Records from a dataset

---*---

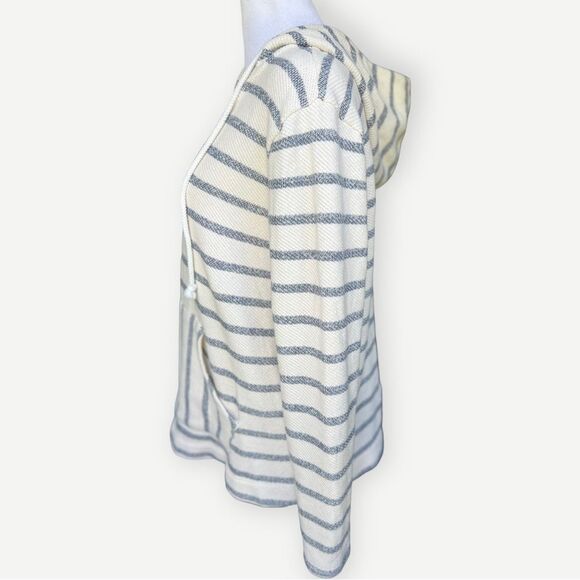 Old Navy Striped Pullover Relaxed Front Pocket V-Neck Hoodie Sweatshirt. Small. - Picture 2 of 7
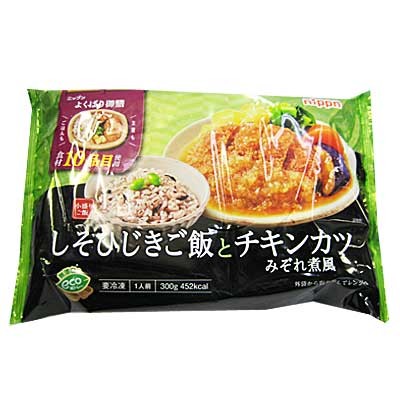 オーマイ　ひじきご飯とチキンカツ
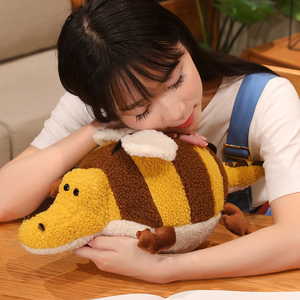 <span class=keywords><strong>Peluche</strong></span> ange crocodile créative de <span class=keywords><strong>50</strong></span> <span class=keywords><strong>cm</strong></span>, jouet en <span class=keywords><strong>peluche</strong></span> doux, poupée compagnon, cadeau d'anniversaire, vente directe d'usine, vente en gros - Product Image 2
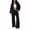 Black, variant on Jogger Sets for Women 2 Piece Fashion Zipper Cropped Sweatshirt Jogger Pants Track Suit Plus Size Outfits for Women
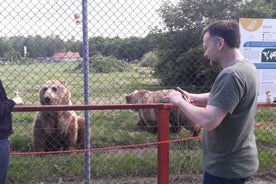 Budapest: Transport & Guided Tour of Bear and Wolf Sanctuary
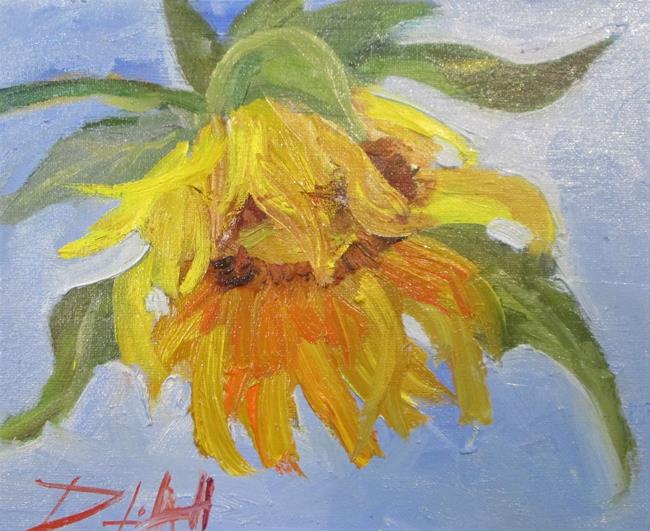 Art: Sunflower No. 9 by Artist Delilah Smith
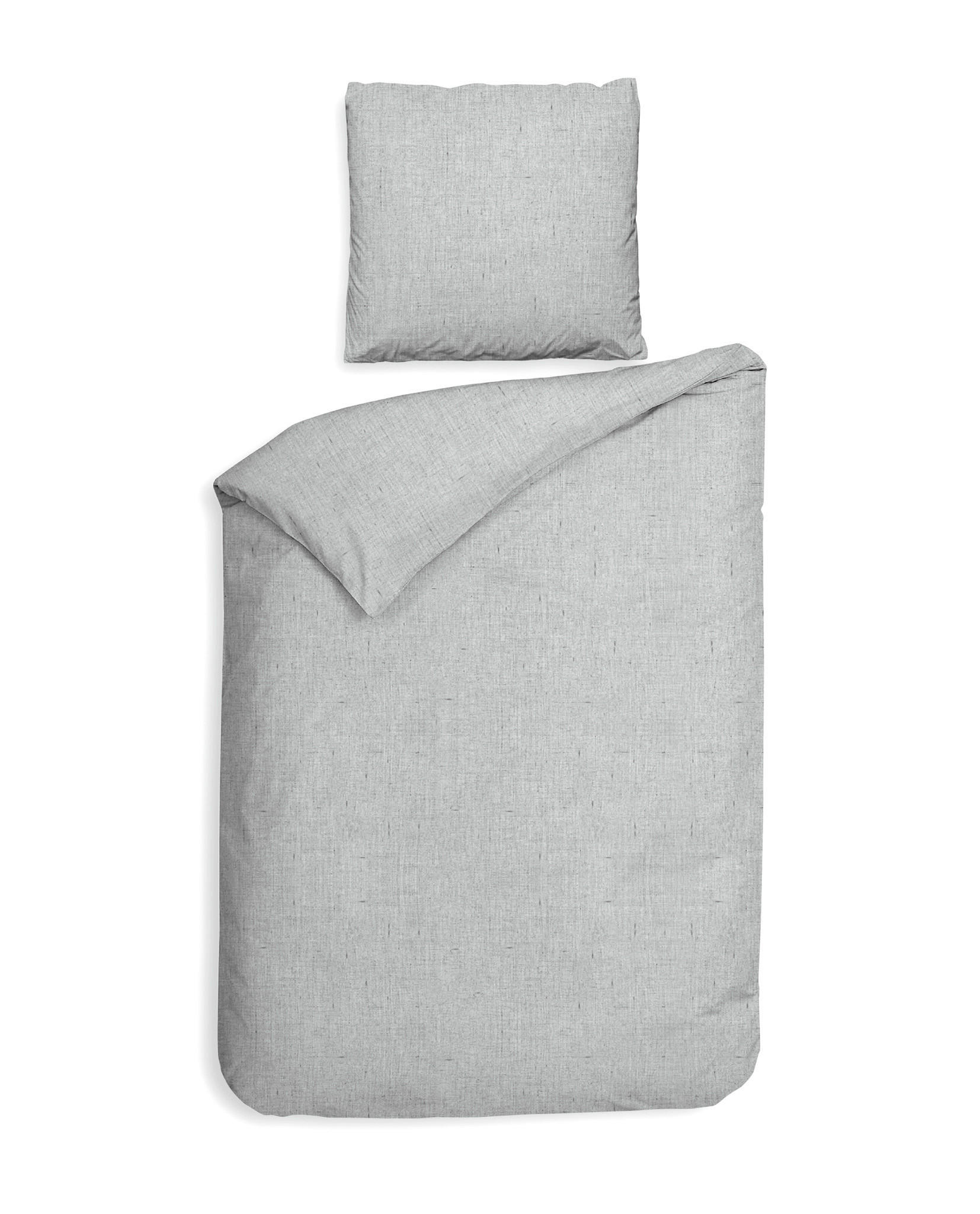 BETTWÄSCHE Franela Flanell 155/220 cm  - Hellgrau, Basics, Textil (155/220cm)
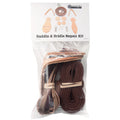 Classic Equine Saddle & Bridle Leather Repair Kit Strings Screws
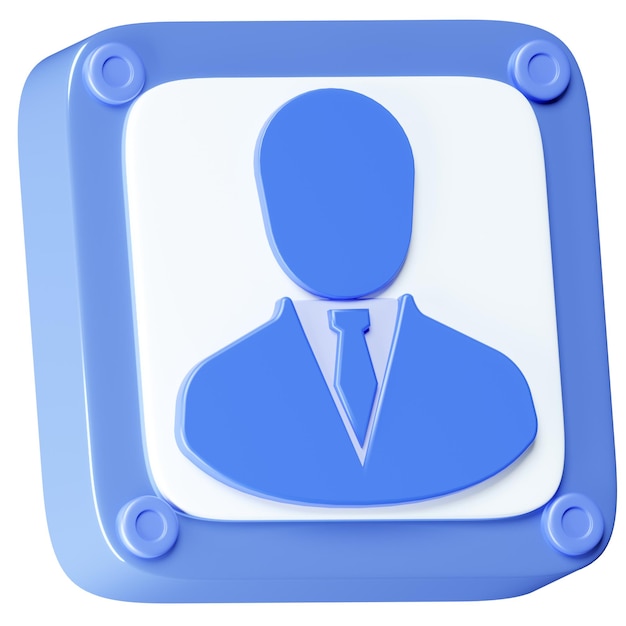 Icon de especialista en el paquete de herramientas de negocios 3D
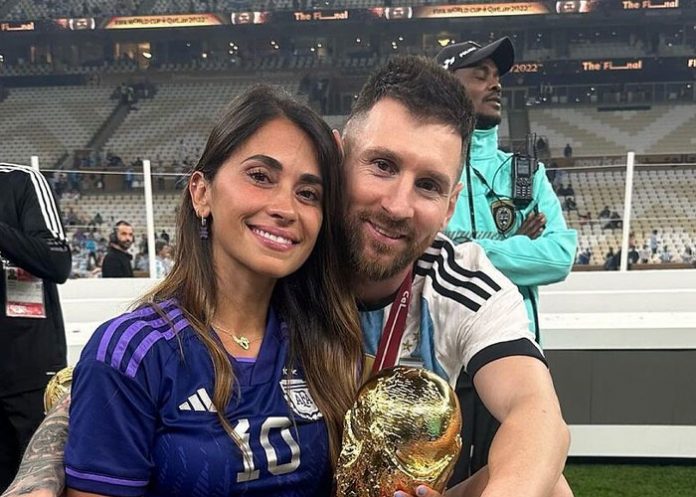 Antonela Roccuzzo esposa de Messi reacciona al lanzamiento de Shakira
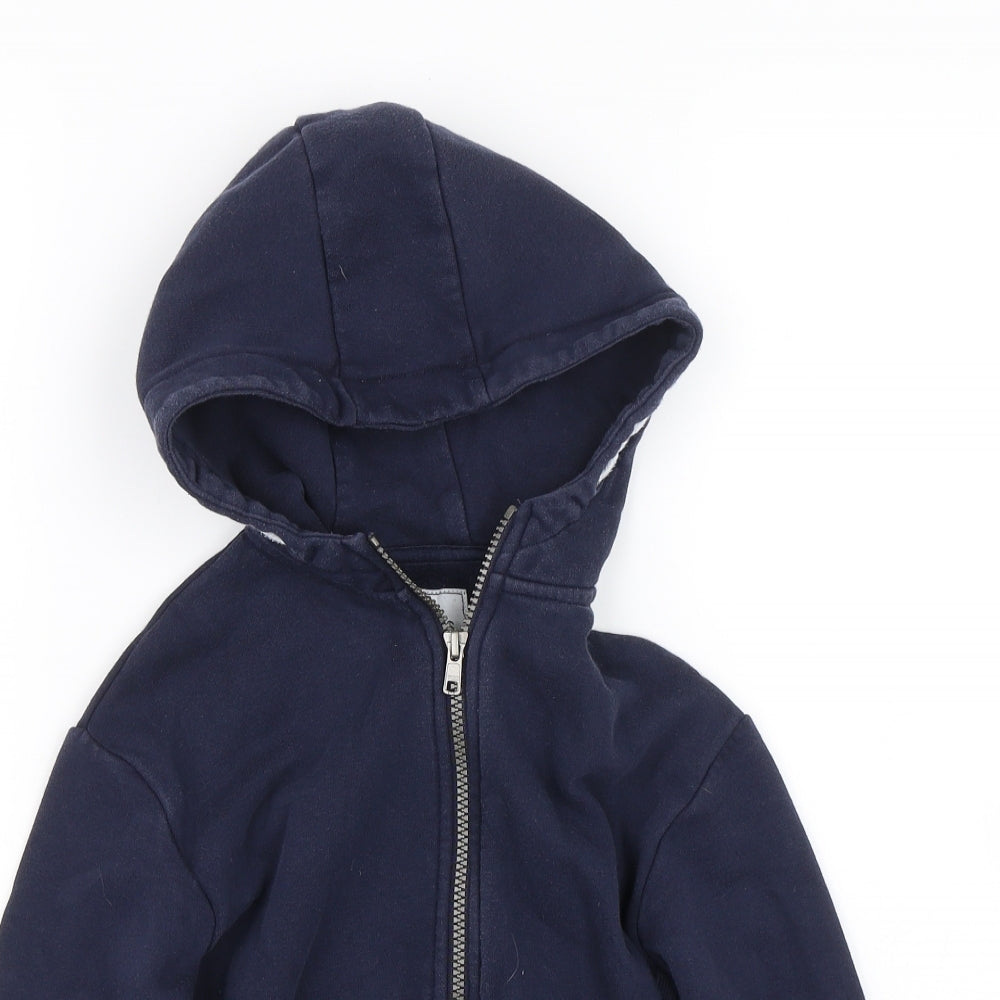 M&S Boys Blue   Full Zip Hoodie Size 6-7 Years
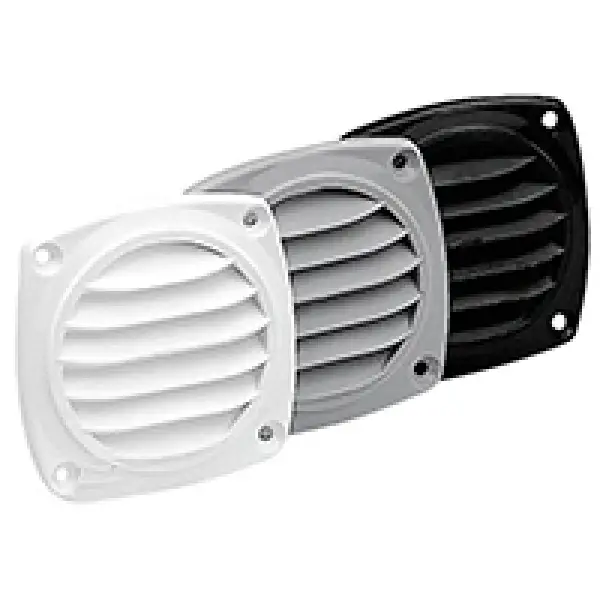 Lalizas Havalandırma Kapağı 82x82mm Siyah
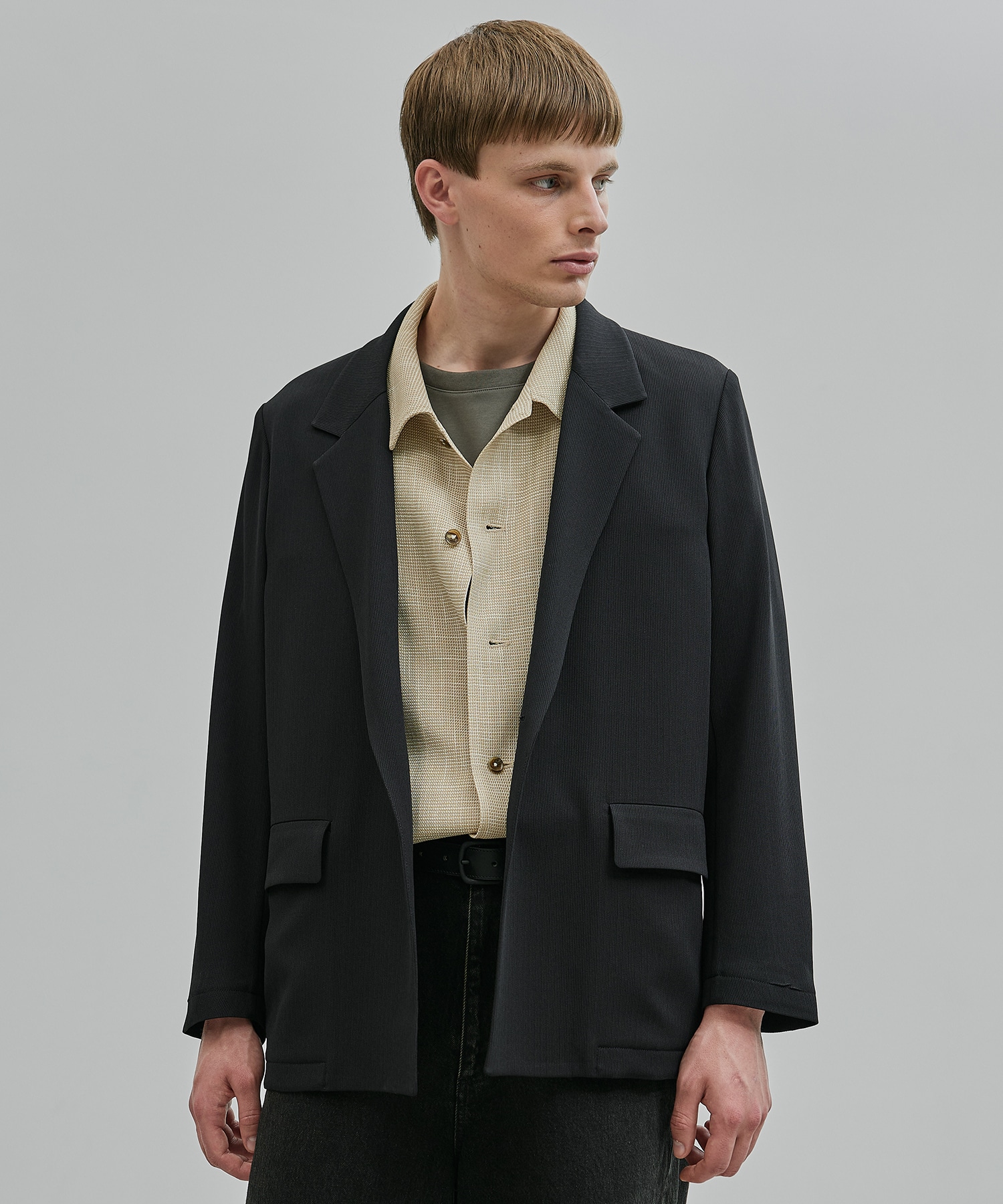 COLD DRY PLEATS リラックスジャケット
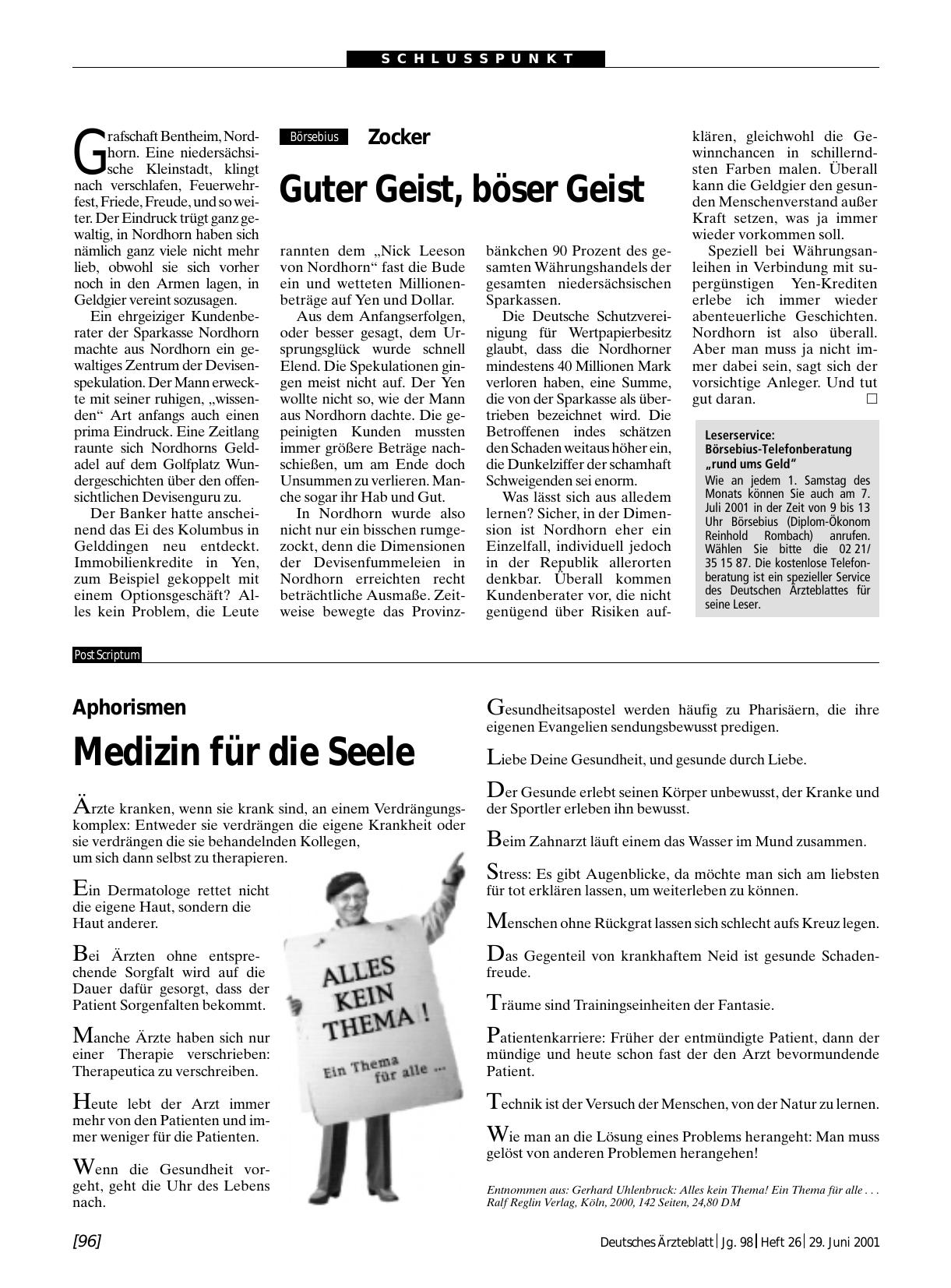 Vorschauseite 1: Zocker: Guter Geist, böser Geist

---*---

▶ Prompt:
Skip the images and set down the rest of the data unchanged.

▶ Exercise output:
 Old Navy Striped Pullover Relaxed Front Pocket V-Neck Hoodie Sweatshirt. Small. - Picture 2 of 7
 オーマイ　ひじきご飯とチキンカツ
 <span class=keywords><strong>Peluche</strong></span> ange crocodile créative de <span class=keywords><strong>50</strong></span> <span class=keywords><strong>cm</strong></span>, jouet en <span class=keywords><strong>peluche</strong></span> doux, poupée compagnon, cadeau d'anniversaire, vente directe d'usine, vente en gros - Product Image 2
 Black, variant on Jogger Sets for Women 2 Piece Fashion Zipper Cropped Sweatshirt Jogger Pants Track Suit Plus Size Outfits for Women
 Budapest: Transport & Guided Tour of Bear and Wolf Sanctuary
 Art: Sunflower No. 9 by Artist Delilah Smith
 BETTWÄSCHE Franela Flanell 155/220 cm  - Hellgrau, Basics, Textil (155/220cm)
 Classic Equine Saddle & Bridle Leather Repair Kit Strings Screws
 Icon de especialista en el paquete de herramientas de negocios 3D
 Antonela Roccuzzo esposa de Messi reacciona al lanzamiento de Shakira
 M&S Boys Blue   Full Zip Hoodie Size 6-7 Years
 Lalizas Havalandırma Kapağı 82x82mm Siyah
 COLD DRY PLEATS リラックスジャケット
 Vorschauseite 1: Zocker: Guter Geist, böser Geist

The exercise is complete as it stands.